Campbell afferma con decisione: "Sarei stato capitano dell'Inghilterra per più di 10 anni se fossi stato bianco". Il 39enne ex giocatore, nato a Londra da genitori giamaicani, ha raccontato tutta la sua frustrazione per non aver mai indossato la fascia da capitano, nonostante 73 presenze in undici anni di militanza con la maglia della sua Nazionale. Da quando ha lasciato il calcio giocato, Campbell si è fatto portavoce della lotta al razzismo nel gioco del calcio, e sicuramente questa sua confessione è destinata a lasciare il segno, non solo nella FA dell'Inghilterra, ma anche nelle Federazioni degli altri Paesi.

La carriera di Campbell dice che, in realtà, ci sono state delle occasioni in cui ha indossato la fascia di capitano dell'Inghilterra. Ciò è avvenuto in tre occasioni: due nel 1998 quando il Ct era Hoddle e una nel 2005, quando sulla panchina inglese sedeva Eriksson. Tuttavia, l'ex difensore lancia delle accuse ben precise, sostenendo che i dirigenti del calcio britannico, quando si tratta di calciatori di colore che, dopo tante presenze accumulate, potrebbero diventare capitani della Nazionale: "non vogliono, e non lo vuole nemmeno la maggioranza dei tifosi". Anche la tifoseria sarebbe, quindi, nel mirino di Campbell, a causa di una mentalità troppo arretrata che considera non rappresentativo della Nazione inglese un giocatore dalla pelle nera.

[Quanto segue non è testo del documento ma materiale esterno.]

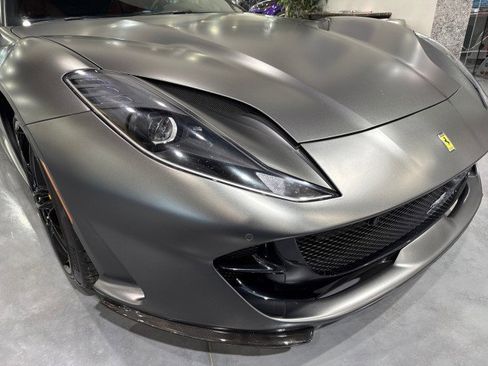 Used 2021 Ferrari 812 GTS image 27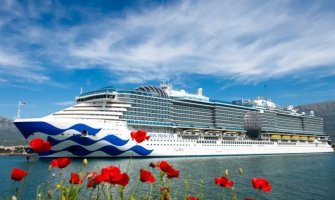 U Baru megakruzer „Sun Princess“ sa preko 4.400 turista i 1.600 članova posade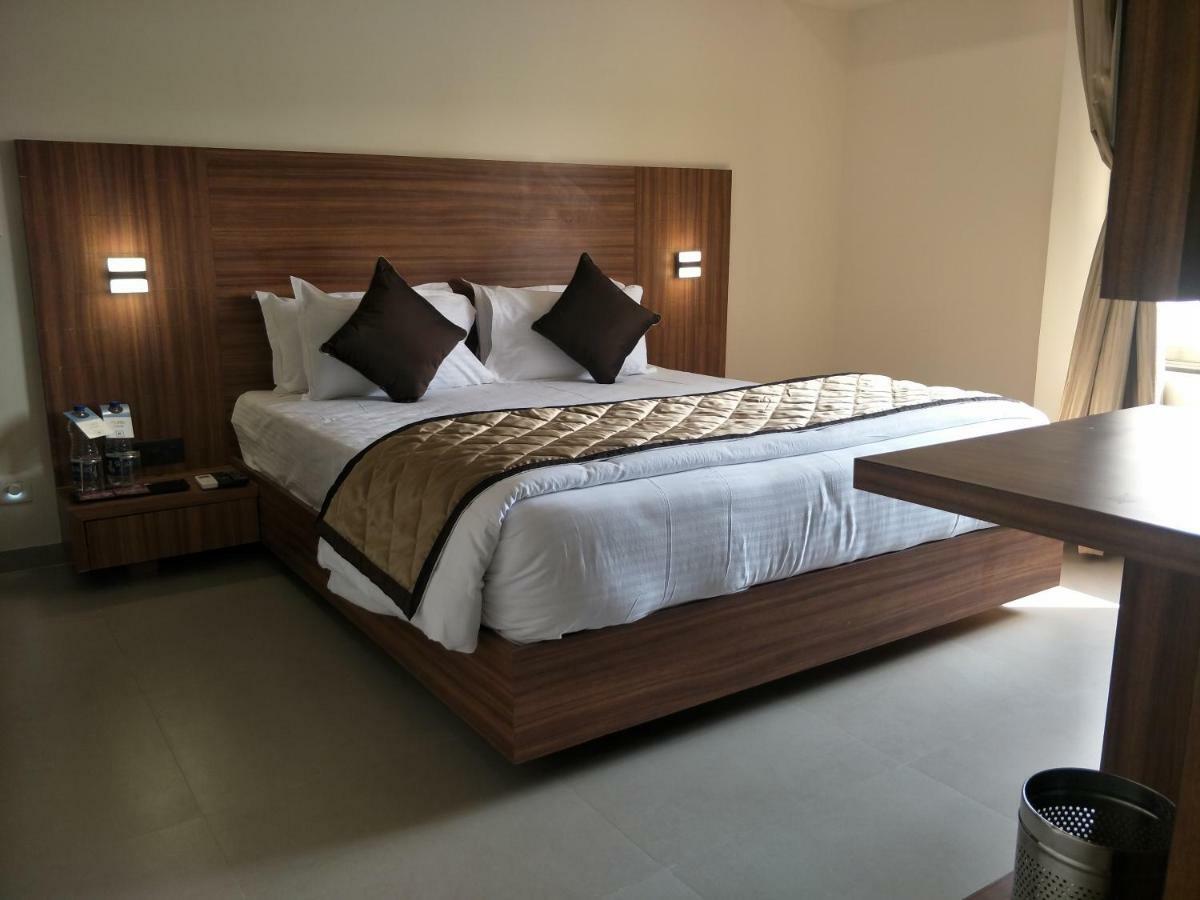 Kyriad Hotel Solapur By Othpl Exteriör bild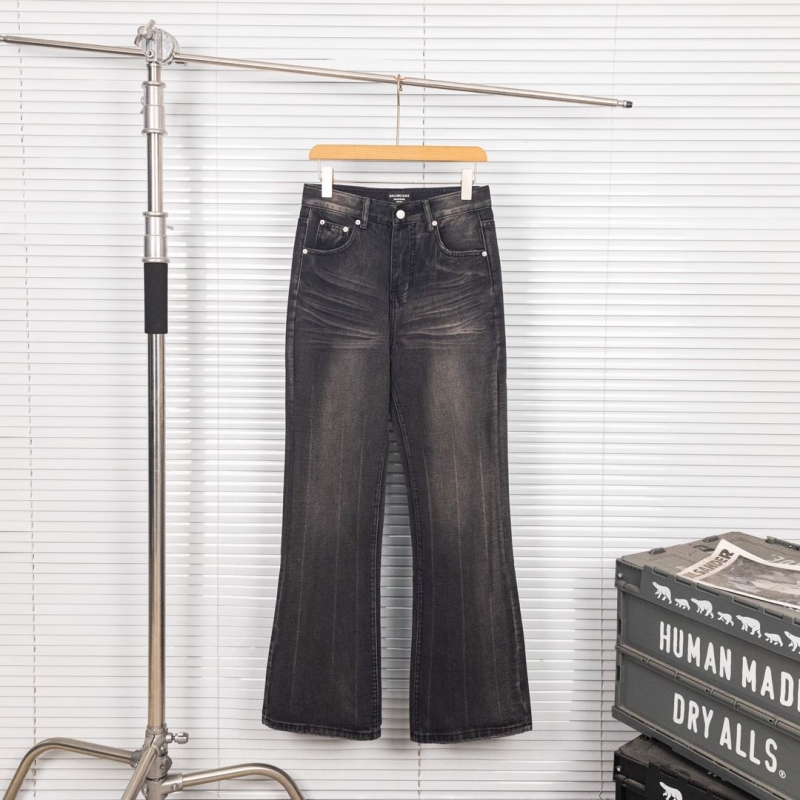 Ba*len*cia*ga jeans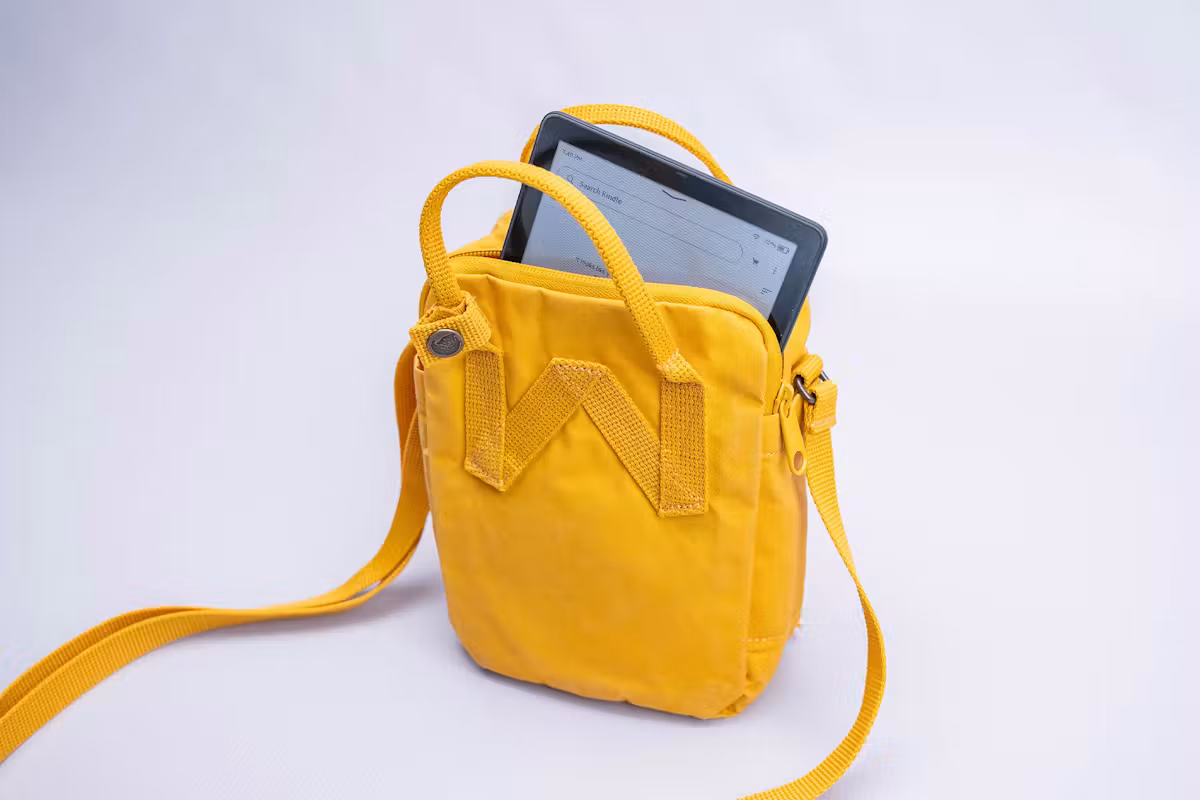 Fjallraven Kanken 斜挎包平板电脑口袋 Fjallraven Kanken 斜挎包平板电脑口袋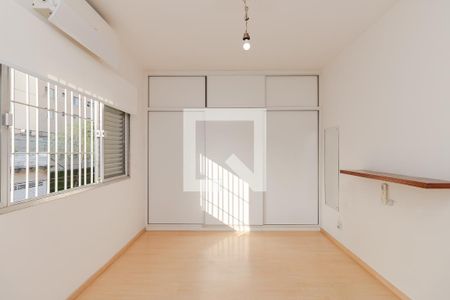 Quarto 1 de casa para alugar com 3 quartos, 241m² em Vila Vera, São Paulo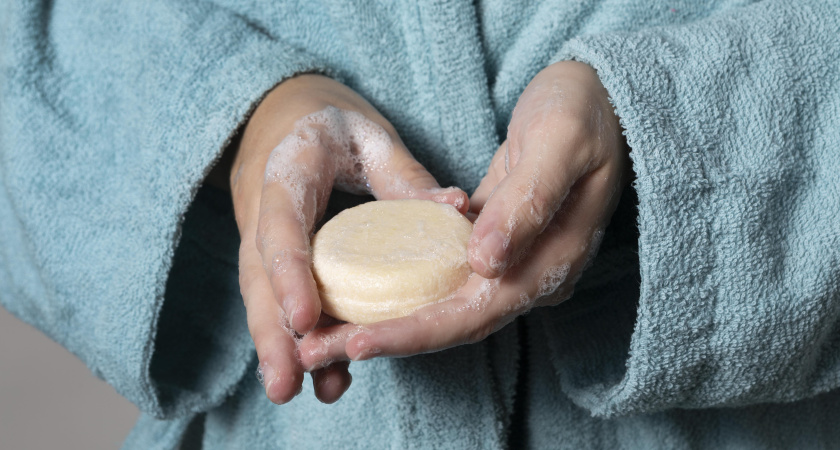 Узнала, зачем хозяйки смешивают мыло с марганцовкой: делюсь с вами излюбленным лайфхаком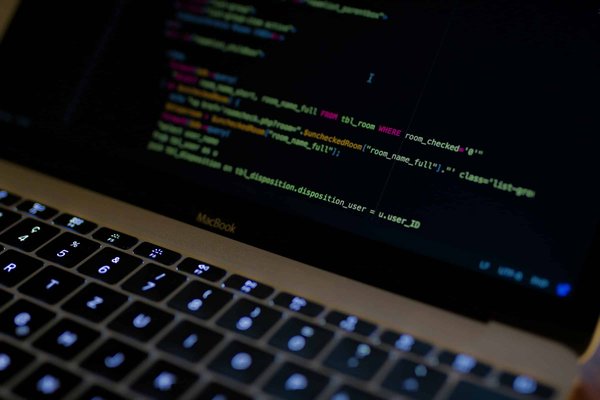 Comment améliorer la réception Wi-Fi dans une maison à étages avec des murs épais?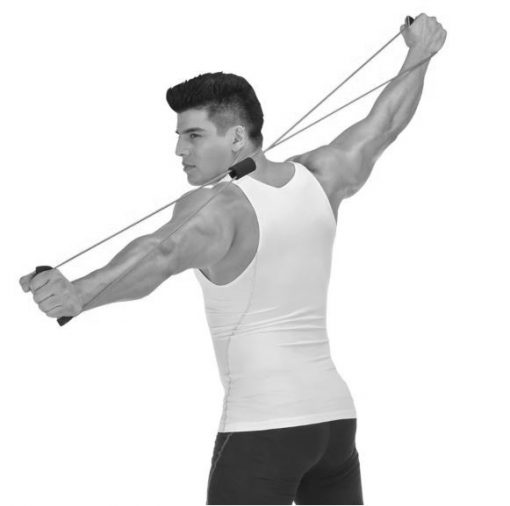 homme utilisant elastique musculation pour extension laterale posterieure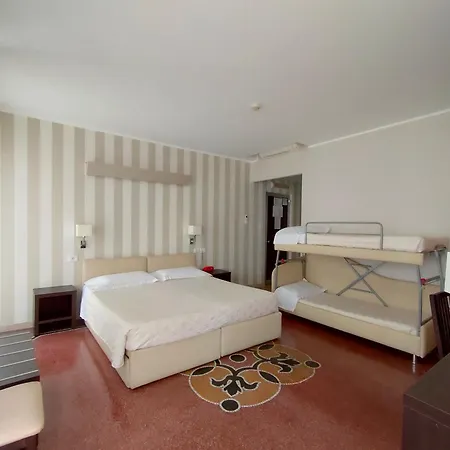 Vittoria Hotel 3*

Infine, Sol Campbell non le manda a dire nemmeno ad un ex collega e capitano dell'Inghilterra, Michael Owen che, secondo lui, non meritava i galloni del capitano: "Owen era un attaccante eccellente, ma non aveva nulla del capitano. Era imbarazzante, continuavo a chiedermi: 'ma cosa ho fatto?".

La Football Association non ha voluto replicare alle pesanti dichiarazioni del suo tesserato, il quale, con questa "denuncia", auspica che nel mondo del calcio possa esserci un cambio di mentalità che dia la possibilità ai calciatori di colore di avere i giusti riconoscimenti per la loro carriera, sia sul campo, sia a livello dirigenziale.